Le discours de vérité 

L’absence de vision

Les politiques ont ce cynisme de croire que les gens n’ont pas de mémoire. C’est partiellement vrai. Ils devraient faire l’effort de revisionner les anciens discours de campagne pour s’apercevoir qu’ils disaient la même chose, ou alors l’exact contraire, quelques années auparavant, avec le même degré de persuasion. Ils ont ce cynisme de penser que parce qu’ils appartiennent à une élite, qu’ils détiennent le pouvoir et parfois la capacité de conviction, cela suffira à emporter l’adhésion des gens. A chaque fois, en effet, les politiques ne se font élire que sur les six ou douze derniers mois d’un mandat. Tout ce qu’ils peuvent faire pendant leurs premières années sera oublié, si jamais se produit un petit déclic la dernière année. Mr Hollande l’a très bien compris. Il lui suffira que ses douze derniers mois se passent économiquement bien, que la droite soit faible et/ou divisée et d’avoir fait grimper le FN pour l’emporter.

Les Français pensaient autrefois, que les hommes politiques avaient quelque chose de plus qu’eux. Ce plus, c’était d’avoir une vision, au moins à moyen terme. Mais, à bien y regarder, ils ont, aujourd’hui, des hommes politiques « modèles réduits », ce qui les rapprochent énormément d’eux et qui leur font dire « après tout, qu’ont ils de plus que nous ? ». Et un peu plus chaque jour, la réponse est « rien ! ». Ces hommes politiques ont évidemment d’autres contraintes au jour le jour mais, au final, ils se révèlent incapables d’avoir suffisamment d’ouverture, d’honnêteté et de courage pour proposer quelque chose de fort. Et je ne parle pas ici, d’idéologie, mais simplement de vision.

L’idéologie est un autre problème. Quand on arpente les marchés pendant une campagne, on s’aperçoit des clivages encore existants en politique.

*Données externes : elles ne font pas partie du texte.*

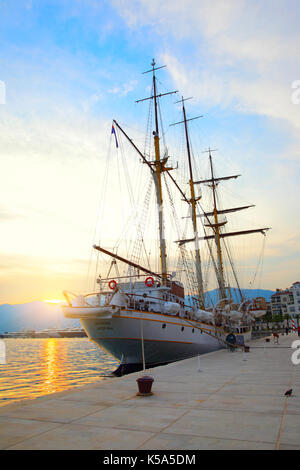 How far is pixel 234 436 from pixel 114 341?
16912 mm

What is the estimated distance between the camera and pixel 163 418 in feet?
22.8

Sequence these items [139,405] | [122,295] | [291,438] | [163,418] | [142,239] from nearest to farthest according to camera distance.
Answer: [291,438]
[163,418]
[139,405]
[122,295]
[142,239]

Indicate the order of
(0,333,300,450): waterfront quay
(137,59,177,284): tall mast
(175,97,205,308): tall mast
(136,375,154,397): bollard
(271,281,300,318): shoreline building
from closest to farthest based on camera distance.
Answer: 1. (0,333,300,450): waterfront quay
2. (136,375,154,397): bollard
3. (137,59,177,284): tall mast
4. (175,97,205,308): tall mast
5. (271,281,300,318): shoreline building

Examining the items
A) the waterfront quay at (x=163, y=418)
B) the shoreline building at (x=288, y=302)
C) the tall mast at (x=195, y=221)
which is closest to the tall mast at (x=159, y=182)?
the tall mast at (x=195, y=221)

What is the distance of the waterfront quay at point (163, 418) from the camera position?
5.45 metres

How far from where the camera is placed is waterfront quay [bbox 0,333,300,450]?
A: 17.9 ft

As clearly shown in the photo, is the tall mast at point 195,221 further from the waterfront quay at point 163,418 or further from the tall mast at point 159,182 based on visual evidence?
the waterfront quay at point 163,418

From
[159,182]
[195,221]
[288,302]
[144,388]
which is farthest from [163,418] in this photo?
[288,302]

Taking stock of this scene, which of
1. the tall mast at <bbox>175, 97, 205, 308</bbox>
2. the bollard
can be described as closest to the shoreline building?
the tall mast at <bbox>175, 97, 205, 308</bbox>

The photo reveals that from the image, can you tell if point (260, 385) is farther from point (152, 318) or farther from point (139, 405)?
point (152, 318)

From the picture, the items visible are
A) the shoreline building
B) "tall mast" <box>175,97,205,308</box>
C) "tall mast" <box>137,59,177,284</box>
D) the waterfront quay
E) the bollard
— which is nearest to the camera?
the waterfront quay

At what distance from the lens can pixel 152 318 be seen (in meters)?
22.1

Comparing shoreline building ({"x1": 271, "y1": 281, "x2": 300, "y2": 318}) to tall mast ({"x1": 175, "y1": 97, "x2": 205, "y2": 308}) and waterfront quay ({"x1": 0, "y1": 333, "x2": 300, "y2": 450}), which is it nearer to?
tall mast ({"x1": 175, "y1": 97, "x2": 205, "y2": 308}) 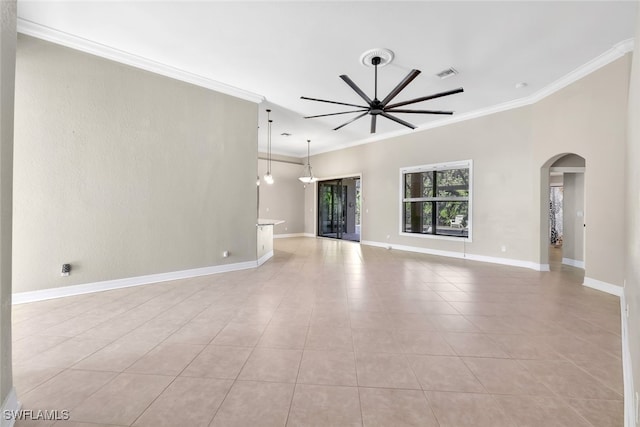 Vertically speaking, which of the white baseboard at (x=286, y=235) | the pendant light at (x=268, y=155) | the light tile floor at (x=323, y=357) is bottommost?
the light tile floor at (x=323, y=357)

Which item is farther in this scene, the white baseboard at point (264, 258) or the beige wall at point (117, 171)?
the white baseboard at point (264, 258)

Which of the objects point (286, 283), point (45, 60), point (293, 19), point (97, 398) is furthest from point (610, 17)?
point (45, 60)

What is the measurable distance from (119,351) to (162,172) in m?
2.84

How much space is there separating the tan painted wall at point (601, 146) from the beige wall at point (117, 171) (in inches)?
225

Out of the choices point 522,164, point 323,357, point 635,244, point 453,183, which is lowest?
point 323,357

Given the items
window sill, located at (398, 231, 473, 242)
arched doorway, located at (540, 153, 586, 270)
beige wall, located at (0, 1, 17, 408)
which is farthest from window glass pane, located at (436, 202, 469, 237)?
beige wall, located at (0, 1, 17, 408)

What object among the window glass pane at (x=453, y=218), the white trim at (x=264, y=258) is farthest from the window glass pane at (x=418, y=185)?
the white trim at (x=264, y=258)

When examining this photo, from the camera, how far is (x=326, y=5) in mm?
2938

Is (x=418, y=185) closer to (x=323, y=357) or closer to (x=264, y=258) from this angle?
(x=264, y=258)

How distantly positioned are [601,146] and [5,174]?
6.44m

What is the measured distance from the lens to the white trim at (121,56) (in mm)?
3332

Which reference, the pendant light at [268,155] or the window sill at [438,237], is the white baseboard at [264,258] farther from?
the window sill at [438,237]

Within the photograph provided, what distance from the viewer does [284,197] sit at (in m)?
10.6

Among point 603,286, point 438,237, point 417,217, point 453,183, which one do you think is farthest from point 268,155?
point 603,286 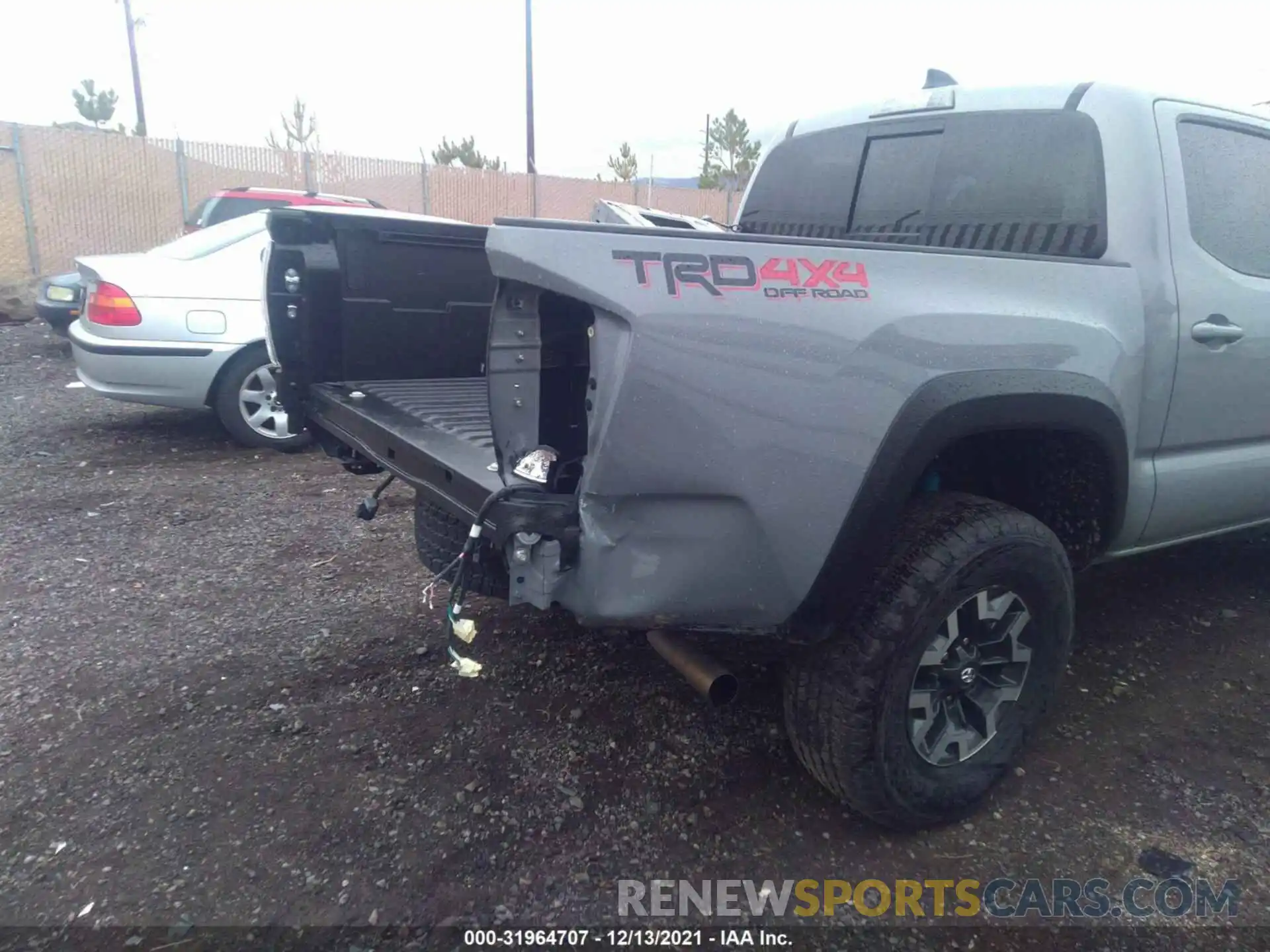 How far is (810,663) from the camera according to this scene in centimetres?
237

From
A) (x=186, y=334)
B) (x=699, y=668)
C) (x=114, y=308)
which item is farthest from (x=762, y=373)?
(x=114, y=308)

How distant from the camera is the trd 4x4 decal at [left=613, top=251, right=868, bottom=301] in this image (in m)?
1.95

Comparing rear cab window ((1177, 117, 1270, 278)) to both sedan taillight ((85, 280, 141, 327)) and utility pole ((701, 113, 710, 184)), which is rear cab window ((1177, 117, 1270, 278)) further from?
utility pole ((701, 113, 710, 184))

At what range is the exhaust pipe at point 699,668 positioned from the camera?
2.31 metres

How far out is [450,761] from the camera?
281 cm

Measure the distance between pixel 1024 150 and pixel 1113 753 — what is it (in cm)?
199

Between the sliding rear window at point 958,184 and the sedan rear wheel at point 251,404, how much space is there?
3.89 meters

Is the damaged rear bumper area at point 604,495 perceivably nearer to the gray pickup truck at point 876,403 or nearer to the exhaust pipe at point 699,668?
the gray pickup truck at point 876,403

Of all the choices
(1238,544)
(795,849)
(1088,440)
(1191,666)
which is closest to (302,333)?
(795,849)

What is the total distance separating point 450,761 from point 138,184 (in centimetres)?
1808

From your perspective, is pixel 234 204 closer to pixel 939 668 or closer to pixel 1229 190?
pixel 1229 190

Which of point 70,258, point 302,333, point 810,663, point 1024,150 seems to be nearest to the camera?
point 810,663

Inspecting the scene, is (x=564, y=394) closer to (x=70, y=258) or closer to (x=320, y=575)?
(x=320, y=575)

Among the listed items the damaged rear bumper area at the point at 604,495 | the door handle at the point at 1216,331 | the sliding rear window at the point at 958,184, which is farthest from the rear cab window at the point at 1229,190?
the damaged rear bumper area at the point at 604,495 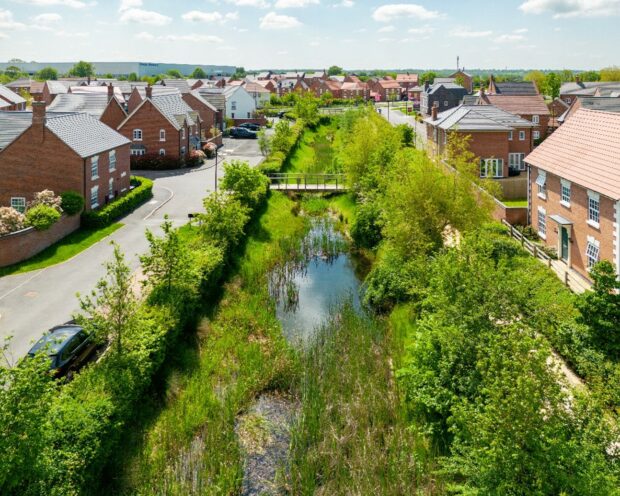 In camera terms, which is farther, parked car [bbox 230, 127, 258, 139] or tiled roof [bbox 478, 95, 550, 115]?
parked car [bbox 230, 127, 258, 139]

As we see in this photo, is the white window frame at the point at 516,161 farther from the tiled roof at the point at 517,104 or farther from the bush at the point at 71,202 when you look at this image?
the bush at the point at 71,202

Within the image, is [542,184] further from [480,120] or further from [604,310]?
[480,120]

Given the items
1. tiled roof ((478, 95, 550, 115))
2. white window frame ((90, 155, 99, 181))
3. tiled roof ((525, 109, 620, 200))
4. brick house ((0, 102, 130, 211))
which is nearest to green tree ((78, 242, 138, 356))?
tiled roof ((525, 109, 620, 200))

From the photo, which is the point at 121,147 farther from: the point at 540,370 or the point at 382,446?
the point at 540,370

Ceux de gauche qui considèrent ceux de droite comme des idiots et des ennemis et vice versa. Mis à part ces acharnés des campagnes, les électeurs constatent qu’il n’y a plus de véritable idéologie, seulement une apparence de celle ci. Mais le fait de ne pas avoir d’idéologie n’exclut pas cependant d’avoir une vision. Et le courage de la mettre en œuvre, quel que soit le prix à payer. C’est ce qu’attendent les Français. Le désintérêt fondamental de la politique de la part des Français vient de cette absence de vision et du courage de prendre leur destin en main.

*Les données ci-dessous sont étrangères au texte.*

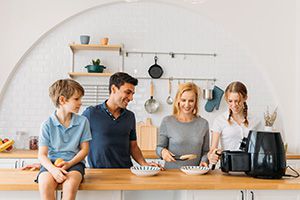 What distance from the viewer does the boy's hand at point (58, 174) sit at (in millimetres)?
1935

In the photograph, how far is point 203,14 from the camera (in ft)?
15.0

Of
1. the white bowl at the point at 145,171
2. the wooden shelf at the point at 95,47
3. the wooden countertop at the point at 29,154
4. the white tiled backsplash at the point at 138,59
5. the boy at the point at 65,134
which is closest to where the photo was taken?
the boy at the point at 65,134

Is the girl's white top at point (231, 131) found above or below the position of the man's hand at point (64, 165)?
above

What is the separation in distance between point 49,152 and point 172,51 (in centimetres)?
272

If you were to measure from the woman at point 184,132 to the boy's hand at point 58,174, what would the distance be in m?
0.89

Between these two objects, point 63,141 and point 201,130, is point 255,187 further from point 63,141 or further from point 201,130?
point 63,141

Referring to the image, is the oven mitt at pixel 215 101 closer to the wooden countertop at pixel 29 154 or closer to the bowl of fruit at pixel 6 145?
the wooden countertop at pixel 29 154

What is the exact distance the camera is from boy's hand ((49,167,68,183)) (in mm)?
1935

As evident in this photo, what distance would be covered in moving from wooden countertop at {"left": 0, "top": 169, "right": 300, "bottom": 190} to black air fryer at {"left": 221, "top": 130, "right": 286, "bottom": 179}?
50mm

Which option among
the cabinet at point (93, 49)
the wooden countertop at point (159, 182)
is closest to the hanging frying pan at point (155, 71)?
the cabinet at point (93, 49)

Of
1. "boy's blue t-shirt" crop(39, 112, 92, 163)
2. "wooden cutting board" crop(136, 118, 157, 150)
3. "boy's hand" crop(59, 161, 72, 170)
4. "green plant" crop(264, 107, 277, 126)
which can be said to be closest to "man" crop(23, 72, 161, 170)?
"boy's blue t-shirt" crop(39, 112, 92, 163)

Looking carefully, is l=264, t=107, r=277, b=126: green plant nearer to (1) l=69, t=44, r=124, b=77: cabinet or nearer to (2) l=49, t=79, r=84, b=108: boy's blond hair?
(1) l=69, t=44, r=124, b=77: cabinet

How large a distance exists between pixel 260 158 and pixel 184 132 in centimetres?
65

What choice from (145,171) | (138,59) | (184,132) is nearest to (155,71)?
(138,59) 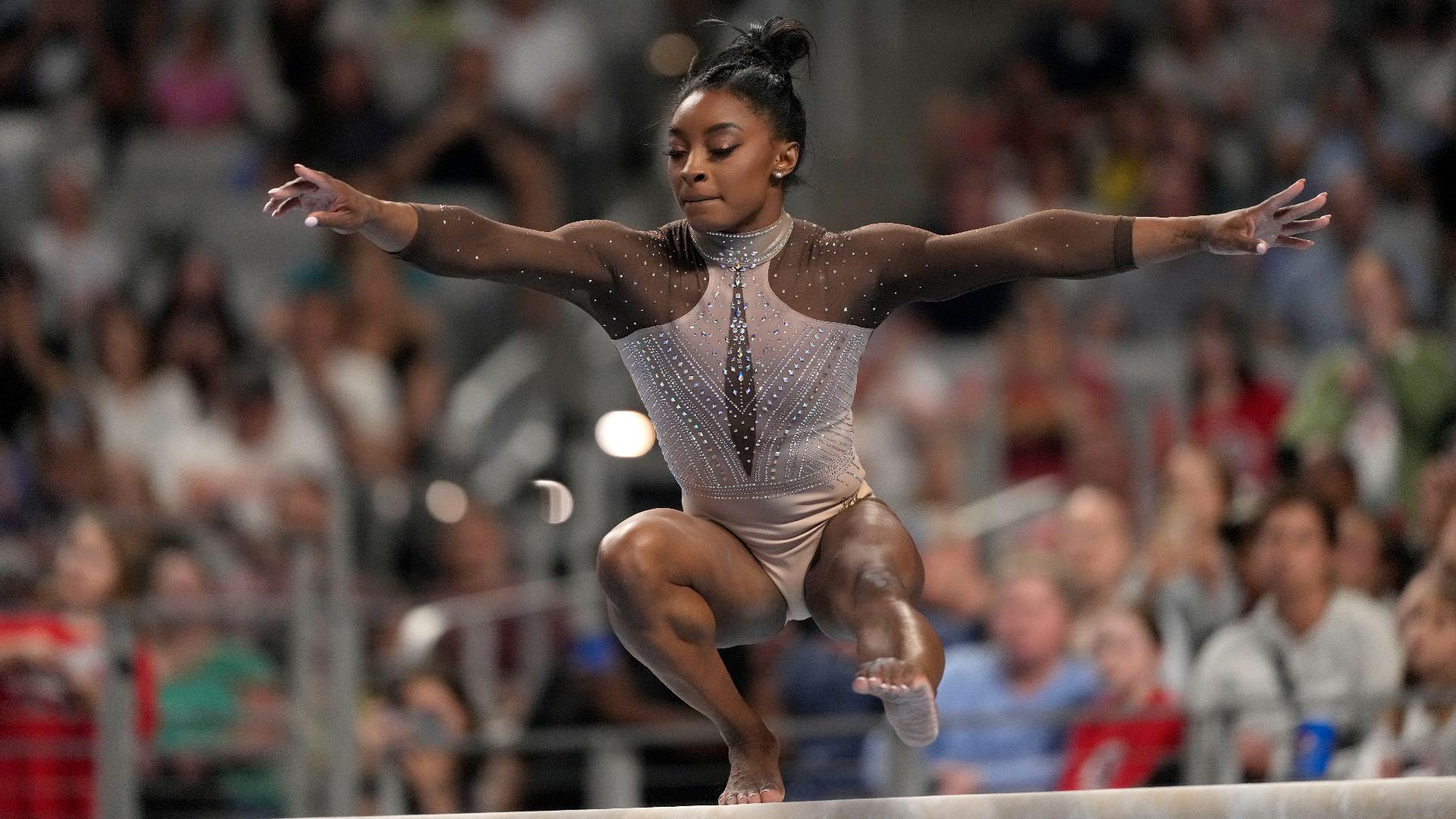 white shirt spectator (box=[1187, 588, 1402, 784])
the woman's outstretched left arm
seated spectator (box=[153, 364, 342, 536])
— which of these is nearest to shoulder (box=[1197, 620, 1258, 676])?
white shirt spectator (box=[1187, 588, 1402, 784])

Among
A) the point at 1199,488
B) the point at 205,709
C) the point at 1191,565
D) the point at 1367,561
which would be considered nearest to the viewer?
the point at 1367,561

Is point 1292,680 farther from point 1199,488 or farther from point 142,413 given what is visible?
point 142,413

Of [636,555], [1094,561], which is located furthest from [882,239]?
[1094,561]

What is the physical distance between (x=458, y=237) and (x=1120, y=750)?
117 inches

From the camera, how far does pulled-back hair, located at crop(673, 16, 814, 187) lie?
320cm

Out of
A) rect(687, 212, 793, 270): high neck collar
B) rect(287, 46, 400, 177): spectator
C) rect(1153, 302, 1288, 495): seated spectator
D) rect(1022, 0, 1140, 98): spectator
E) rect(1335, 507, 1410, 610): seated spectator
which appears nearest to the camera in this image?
rect(687, 212, 793, 270): high neck collar

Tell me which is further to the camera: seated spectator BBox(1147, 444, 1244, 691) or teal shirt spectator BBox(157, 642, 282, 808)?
teal shirt spectator BBox(157, 642, 282, 808)

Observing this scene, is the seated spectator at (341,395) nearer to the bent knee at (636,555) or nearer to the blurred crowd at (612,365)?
the blurred crowd at (612,365)

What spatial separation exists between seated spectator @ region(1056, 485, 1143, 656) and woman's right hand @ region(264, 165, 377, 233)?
3.34 metres

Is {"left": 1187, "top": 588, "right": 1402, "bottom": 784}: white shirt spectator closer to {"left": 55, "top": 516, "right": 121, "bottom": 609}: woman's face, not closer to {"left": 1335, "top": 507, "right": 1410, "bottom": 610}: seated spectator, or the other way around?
{"left": 1335, "top": 507, "right": 1410, "bottom": 610}: seated spectator

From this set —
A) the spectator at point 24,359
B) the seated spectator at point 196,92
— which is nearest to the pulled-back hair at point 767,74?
the spectator at point 24,359

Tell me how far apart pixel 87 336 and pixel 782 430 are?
5.64 m

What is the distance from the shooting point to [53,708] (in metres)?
5.77

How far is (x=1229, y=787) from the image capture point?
2660 millimetres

Sans vision, il n’y a pas de projet à offrir. Or, sans projet à offrir, on ne peut pas entraîner de dynamique et, dès lors que l’on n’a ni projet ni dynamique, il n’y ni confiance ni adhésion des Français. Notre société est à l’arrêt car ceux qui devraient proposer une vision, à laquelle on adhère ou pas, ne le font pas. Par peur de devoir dire la vérité. On tente alors de détourner l’attention par une inflation de mesures plutôt que de proposer un projet. On constate que le navire fuit de toute part et on nous explique que de simples rustines suffiront à les boucher. On répare à la petite semaine, plutôt que de construire un bateau neuf qui permettrait de voguer sur de nouveaux océans. Vers un nouvel objectif.

 

Le manque de dialogue

La véritable problématique de la France est d’avoir créé des corporations, des iles clientélistes, qui ne dialoguent plus entre elles et désormais s’affrontent. Sur le dos du pays. Il y a le monde de l’administration qui en réalité gouverne ce pays, et en premier lieu Bercy (c’est un fait), qui ne dialogue surtout pas avec le monde du privé sauf quand il s’agit de pantoufler au sommet pour un poste. Le monde de l’éducation ne cohabite pas et ne souhaite pas comprendre, ni expliquer, le monde de l’entreprenariat parce que qu’il est le grand Satan. Les syndicats patronaux et salariaux vivent à des années lumières du nouveau monde en construction et aucun ne voit la société telle qu’elle évolue et n’a la capacité d’offrir une alternative intéressante ou même quelques propositions adéquates. A titre d’exemple, quasiment aucune société de la nouvelle économie n’est au Medef, ni à la CGPME. Les syndicats de salariés ne représentent qu’un petit pourcentage des salariés et ces derniers, eux-mêmes, commencent à descendre dans la rue pour revendiquer le droit de travailler le dimanche. Il y a une carence de représentation.

 

Le rôle de l’éducation

L’éducation est la clé du changement. Si les enfants se voient ouvrir à un certain nombre de perspectives, de sujets économiques, à l’entreprenariat et si l’on accepte de dialoguer entre entrepreneurs et professeurs, alors nous changerons la culture sur le long terme. Cela produira des effets dans quinze ou vingt ans mais c’est aujourd’hui que cela se joue. L’éducation est donc la clé mais il faut faire davantage. Il faut recréer des passerelles entre des mondes qui ne communiquent plus. Actuellement, c’est chacun contre les autres alors que dans une société qui marche c’est chacun avec tout le monde.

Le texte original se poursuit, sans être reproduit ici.